Oh yeah, I like aquariums too. I still maintain a 75 gallon freshwater Discus tank.


----------



## StephenM (Sep 21, 2011)

76winger said:


> One thing I keep wondering about when I see people talking about their drill press is a couple questions about the drill press itself before just going the route of drilling on the lathe:
> 
> 
> 
> For one, do you have one the cheap flimsy little tabletop models that aren't worth the metal they're made from or do you have a much better and beefier floor standing model (Some tabletops can be big & beefy too, but you don't see many of them these days)? My own drill is of the later but it's still a cheaper Craftsman model, yet I don't seem experience near as much drill drift as what I see discussed in many threads in these forums. I can't say never, but it does seem to be a very rare occasion.



12" Delta Bench Top Model 25 years old or so - cast iron (one of the first power tools I bought)  





> [*] Second, I wonder if those who have problems have ever checked to ensure the table is square to the a mounted drill bit.

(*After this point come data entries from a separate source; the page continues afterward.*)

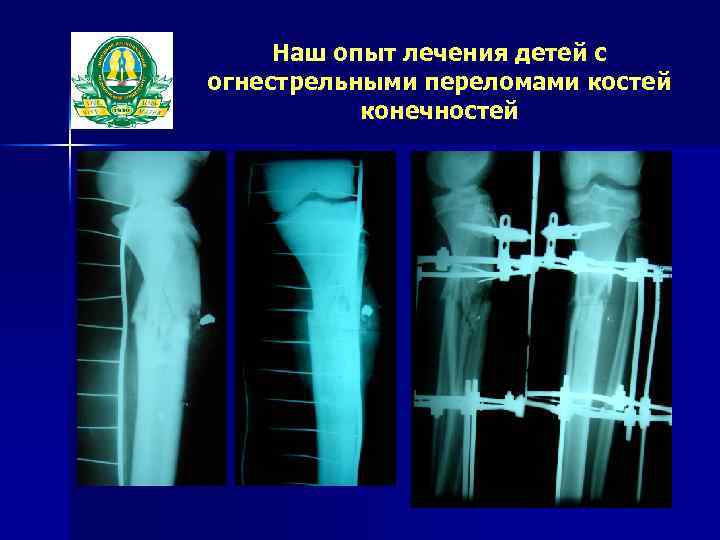 Наш опыт лечения детей с огнестрельными переломами костей конечностей 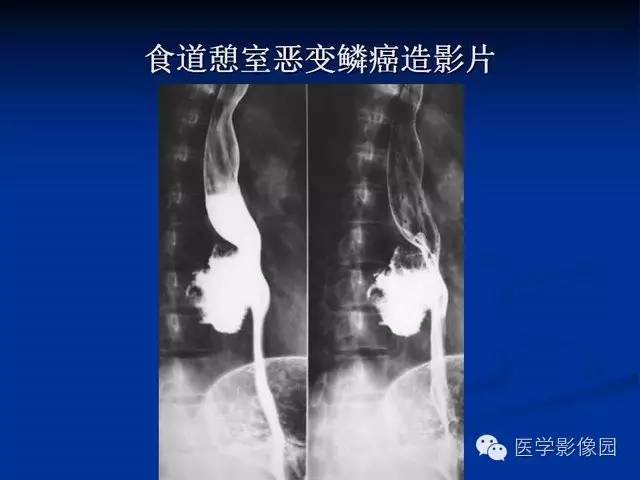 【PPT】食道疾病影像学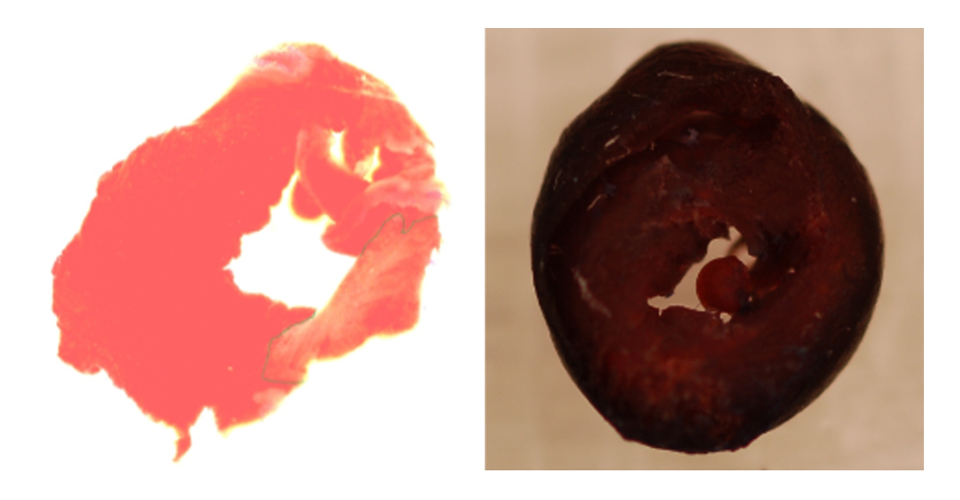 cardiac surgery research - image of heart slice demonstrating infarct from porcine model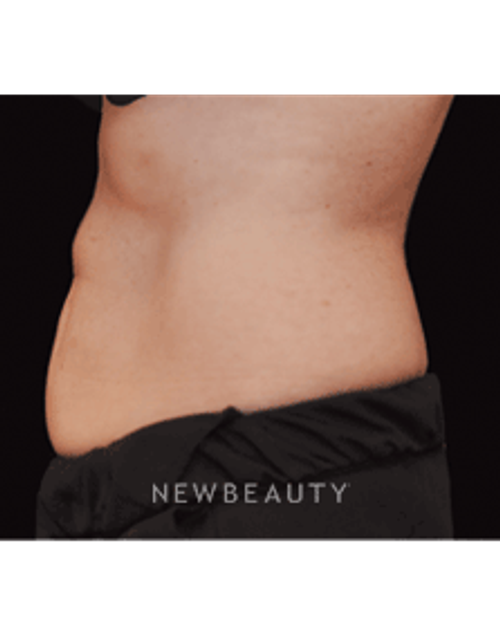 Dr. Janet Allenby, Fat Melters - After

This is easy enough to check any combination square or machinists square. Be sure to check side to side and front to back... There's usually a means under the table to loosen it and make at least side to side adjustments if not both ways. Even a new drill needs to have this checked and most likely set. This one might even get you drilling straighter with no extra cost, so it's worth checking!


  Yep, checked and adjusted everything before I started doing this. 





> [*] What style of drill bits are being used and are properly sharpened? Brad point and bullet point bits tend to drill straighter through would than standard tipped bits, although they're also more challenging to sharpen when the time comes. I also believe this trait of less wandering would be true whether you use a drill press or lathe for the drilling.


  Bullet tips - happens even when they're brand new . 





> [*] What are you using to hold the blank while  drilling it? And is tightly secured so it won't move around? And does it hold the blank perfectly parallel to the drill bit?


  I've tried a number of different clamps, jigs etc. but they go in the X at the top and never seem to come out the X on the bottom 





> [*]Are you easing the drill up and down as you drill through the material or just plowing though till you break through the other end? The former action keeps the hole clearer, reduces heat buildup and usually ends up with a straighter hole to boot!


  Yep - drill and clear, drill and clear, drill and clear. 





> [*]And finally are all the sides of the blank parallel with each other along the sides and square at the ends?


  Yep - did lots of practice blanks when I started out and made sure everything was square/parallel on all 6 sides.  I've tried drilling half way through, flipping and drilling again but the holes don't meet perfectly so the tubes don't slide in.  Could be runout that I've never noticed because I never had to be that picky with it. Would runout cause that or just make larger holes?  Regardless, the bit  is parallel to the table no matter where I place the square.   Also did a lot of mortising with it so that may have done something to the precision.  It's good enough for doing Euros but it's going to cause problems with Knots from what I understand.



> Now some of those may be more obvious than others. But I just wanted to run down this list because I always see recommendations that go straight to drilling with the lathe and very few mentions of checking out and tuning up the equipment you already have. It's always cheaper to make sure what you have is working properly before branching off and buying new stuff to try and solve your problem.
> 
> I also find it handier to be able to use each tool for its purpose and not have to reconfigure all the time. It's one of the reasons I invested in a dedicated drill press instead of switching my Shopsmith back and forth between drill mode and whatever else I'm using it for on the project at hand.
> 
> Those are some of my thoughts, and their worth every penny you paid for them! :tongue::biggrin::wink:


I completely agree.  I'll still use the drill press for the standard Euro but need more precision for the Knots.  Drilling on the lathe will probably be cheaper in the long run than getting a new drill press as I can use the arbor for bowls, etc. so it spreads the cost.

(Still have a 65 gallon South American Biotope - actually just Jack Dempseys now as they grew up and ate everything else :wink


----------